The LDO regulates the location, size, and types of structures allowed in Trenton. The LDO also includes basic design standards for new buildings and regulates parking, signs, and landscaping.

The recently-drafted LDO seeks to achieve the long-term vision articulated in Trenton250, a community-driven masterplan to guide Trenton from now through the 250th anniversary of its incorporation in 2042.

The new LDO has been made more intuitive, user-friendly, transparent and flexible in order to help investors meet community expectations for future development.

The draft plan is available here: Trenton Updated Land Development Ordinance.

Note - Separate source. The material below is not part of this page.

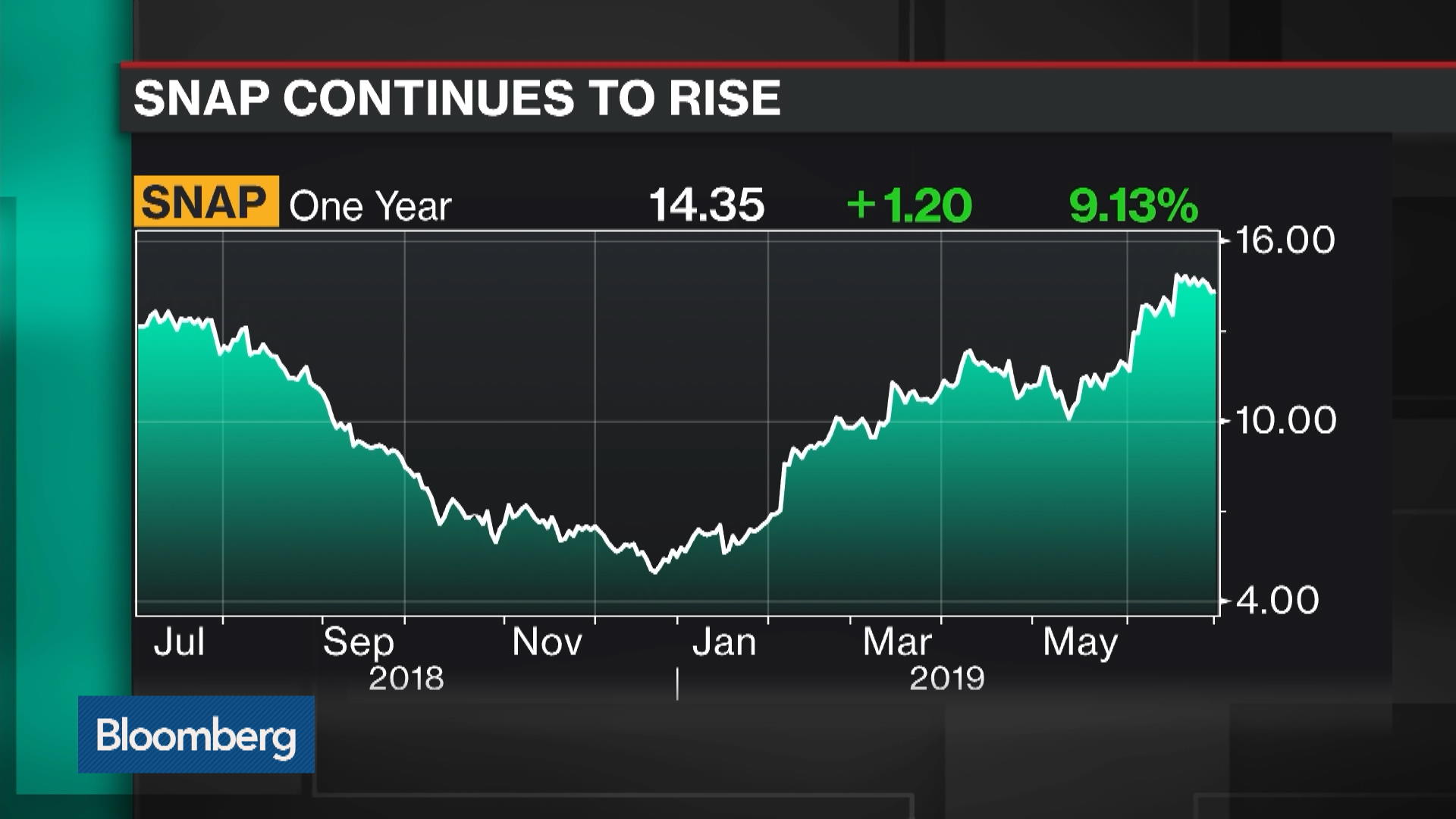 Snapnew York Stock Quote Snap Inc Bloomberg Markets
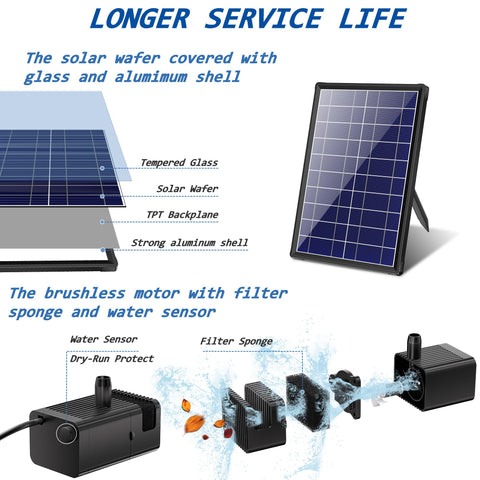 7.5W Solar Water Pump for Small Ponds & Bird Baths with DIY Tubing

The proposed LDO outlines six major changes:

  • Responsive Zoning District Structure: An updated Zoning Map has been created based upon careful consideration of future development, as well as on-the-ground conditions and community input.
  • Modern Use Approach: New and updated rules for each district are now organized within a single resource, making it easier to see permissible locations and uses for each type of property.
  • Updated Site Element Standards: Enhanced landscaping requirements and new sign permissions have been comprehensively addressed within the proposed LDO.
  • Realistic Approach to Parking: A big change in the proposed LDO is the elimination of arbitrary minimum parking requirements. Parking specifications are now based on the particular needs for each site.
  • Required Bicycle Parking: The proposed LDO requires bicycle parking for certain uses.
  • Prioritizing Sustainability: The regulations encourage true mixed-use neighborhoods, reducing the need for daily car use. Paved surface limits are included in the residential districts to help mitigate stormwater and heat island impacts. Electric vehicle parking spaces, solar panels and private wind turbines have been included. The LDO also contains exterior lighting controls on private property to help minimize light pollution in the City. Landscape and tree preservation requirements are also included to beautify the City and create valuable green infrastructure.